Karayip Korsanları’nın neden en iyi tarih filmlerinden sayıldığını görelim
Ünlü bir tarihçi Karayip Korsanları’nın gelmiş geçmiş en kötü tarihi filmlerden biri olduğunu öne sürdü ve sebep olarak Jack Sparrow’un gemisinin, tayfasının ve alet edevatınının fiziki olarak gerçekçi olmamasını gösterdi. Buyrun, birlikte neden Karayip Korsanları’nın bu zamana kadar yapılmış en iyi tarihi filmlerden biri olduğuna bakalım.
Tarihe ve denize meraklı olan çoğu kişinin Fernand Braudel’in Akdeniz kitabını okuduğunu düşünüyorum. Üç ciltlik bu şaheseri okuyanlar genellikle ikinci cildi atlayarak okurlar. Zira bu cilt 16. yüzyıl gemilerinin ağırlığı, kürek ve yelken sayısı gibi yalnız deniz harp tarihçilerini ilgilendiren kimi konuları içerir. Yakın bir zamanda bu tür maddi ve tali konuları tarihin “üç cildinden biri” değil de tarihin esası olarak değerlendiren ünlü bir tarihçi Karayip Korsanları’nın gelmiş geçmiş en kötü tarihi filmlerden biri olduğunu öne sürdü ve sebep olarak Jack Sparrow’un gemisinin, tayfasının ve alet edevatınının fiziki olarak gerçekçi olmamasını öne sürdü. Buyrun, birlikte neden Karayip Korsanları’nın bu zamana kadar yapılmış en iyi tarihi filmlerden biri olduğuna bakalım. Tabii, yazının ilk yarısının kavramsal zemin, ikinci yarısının ise bu zeminde filmin incelenmesi şeklinde olacağını şimdiden kaydetmekte yarar var.
Edebî janr olarak tarih
Tarih filmlerini ve tarih romanlarını değerlendirirken yapılan hataların ekseriyeti hatalı bir tarih nosyonundan ileri gelir. Oysa tarih anlatısının “gerçek” yahut “doğru” olmasını meşru bir değişken (variable) ve meşru bir kavram ikiliği (binary) olarak kabul etmeden önce, elimizdeki tarihi gözlemlemeye yarayan yegâne aracı, yani zihnimizi anlamak gerekir. İnsan zihni nesneleri birbiriyle alakalandırıp anlam ağları kurarak çalışır. Bir nöronun diğerleriyle sinapslar kurarak ağ oluşturması da bunun fiziki gerekliğe yansımasıdır. “Nesneler arasında anlamsal bağlar kurmak” dediğimiz şey aslında bir diğer adıyla hikâye anlatmaktır. Yani hikâye, insanın (trafik kuralları, yerçekimi yahut Kanûnî’nin hayatına dek her alanda) dünyayı anlamasını sağlayan başlıca bilişsel aygıttır.
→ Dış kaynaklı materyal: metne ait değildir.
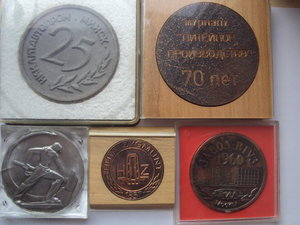 20+ настольных медалей профессора-металловеда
İnsanın en ciddi ve en hakikatçi tavrında dahi istemeden hikâye anlatıyor olduğu gerçeğini bir kenara koyup zihnin fıtratından tarihin fıtratına geçelim. Tarih, tarihçiden (yahut tarih yorumcusundan) daha eski bir zamanda olduğu için tarih bilgisi yalnızca ve yalnızca “diğer insanların şahitliğiyle” bize ulaşır. Bu noktada tarihçi çeşitli kuramlara, yöntemlere ve mantığa müracaat etse de mit, destan ve halk hikâyesi gibi bilimsel olmayan türlerle ortak özünden yani “başkalarının şahitliğine dayanmaktan” kurtulamaz. Bu yüzden tarihi hikâyeden ayrıştıramadığımız gibi karşımıza hatırat, gezi, mektup gibi -hatta bunlardan çok daha fazla gerçekliği “işleyen”- estetize bir edebî tür olarak çıkar.
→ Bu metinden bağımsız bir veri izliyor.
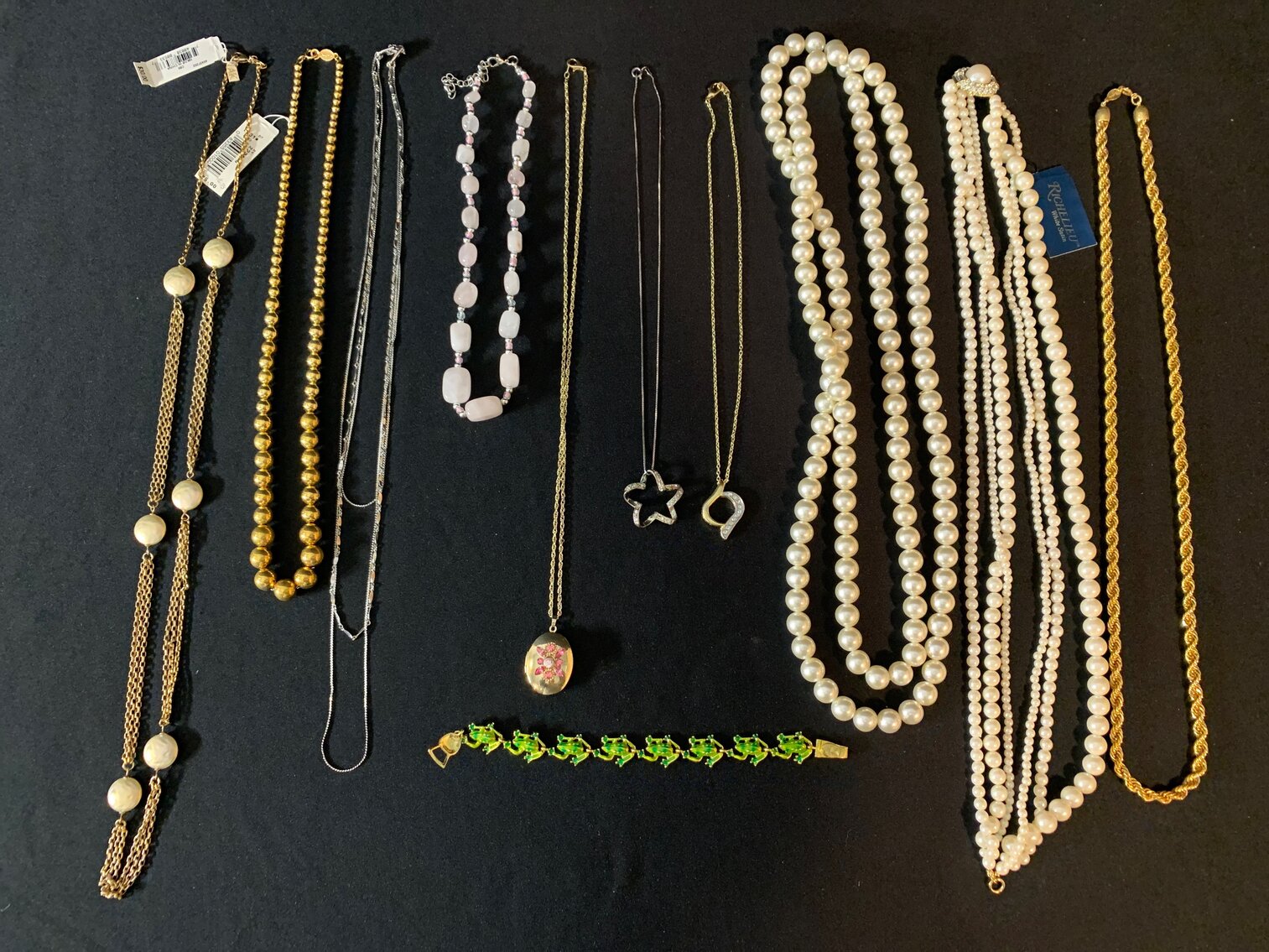 Assortment of 10 Necklaces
Estetize gerçeklik olarak sanat ve evren inşası
Sanatın güzelliğini ve derecesini ölçmenin bir yolu olmasa da Hegel gerçekliği yorumlayan bir eserde sanatçının müdahalesi ile eserin sanat değeri arasında doğru orantı kurar. Artık sanatçının vazifesi Rönesans’takinin aksine dünyadaki gerçekliği bire bir taklit etmek yani “mimesis” değildir; mimetik sanat anlayışı yerini zıddı olan “diegesis”e, yani canlandırma ve taklitten anlatıya ve yorumlamaya bırakmıştır. Bu durumda sanatçının yaratıcı dehası ve “evren kurucu” vasfı ön plana çıkar. Tabiat ve dünya, karşımıza ham hâli ile değil “estetize” hâliyle gelmelidir. Bir parantez açarak bunları bir tarih filmine uyarladığımızda ortaya çıkan manzara ideal tarih filminin hedefinin gerçek bir hadiseyi gerçekçi şekilde canlandırmak değil tarihî olgu ve imajlardan beslenerek olmayan bir evreni inşa etmek olduğudur.
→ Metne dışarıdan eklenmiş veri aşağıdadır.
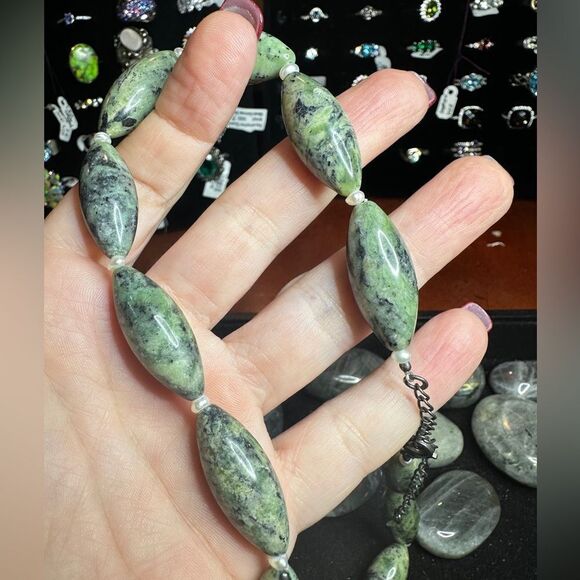 16" Vintage GSJ nephrite jade, pearl and sterling silver clasp necklace! - Picture 3 of 14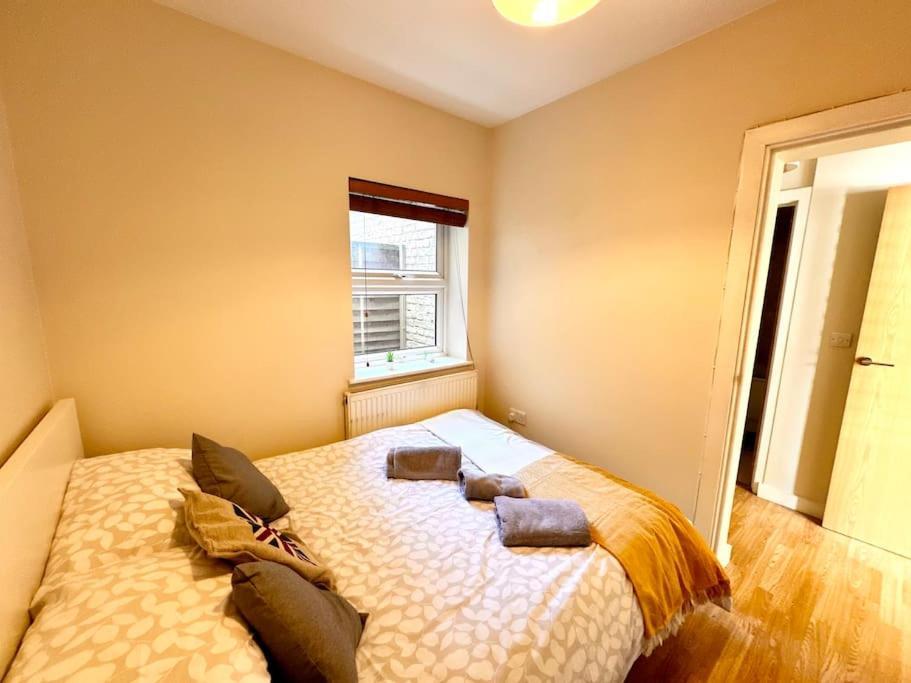 2 Bedroom Apartment In Se13 Лондон Экстерьер фото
Dünyanın yorumlanarak, imajlarla yoğrularak izleyicinin/okurun karşısına çıkması “beklenir.” Hans Robert Jauss’un alımlama estetiği kuramına göre sanatçı eserini muhatabının onu nasıl alımlayacağına göre “estetize” eder, her edebî janr (ki buna yukarıda tartışıldığı üzere tarih ve tarihe dair her şey de birer janrdır) muhatabının beklentilerinden oluşan birer “beklenti ufku” (horizon of expectation) ile birbirinden ayrılır. Beklentiler karşılandıkça, aşina olunan imajlar ve geleneksel anlatı kalıpları yaratıcı deha ile buluştukça, yani imajlar ve beklentiler arasında bağlar kuruldukça nöronlar arasında da bağlar kurulur, sinapslar birbirine kıvılcımlar attıkça izleyicide alımlama hazzı meydana gelir. Sinemada maksat bu alımlama estetiğinin bir nebze tadıdır. İyi anlatılmış hikâye, bilinenler arasında yeni bağlantılar kurarak nöronlarımızı coşturanlardır.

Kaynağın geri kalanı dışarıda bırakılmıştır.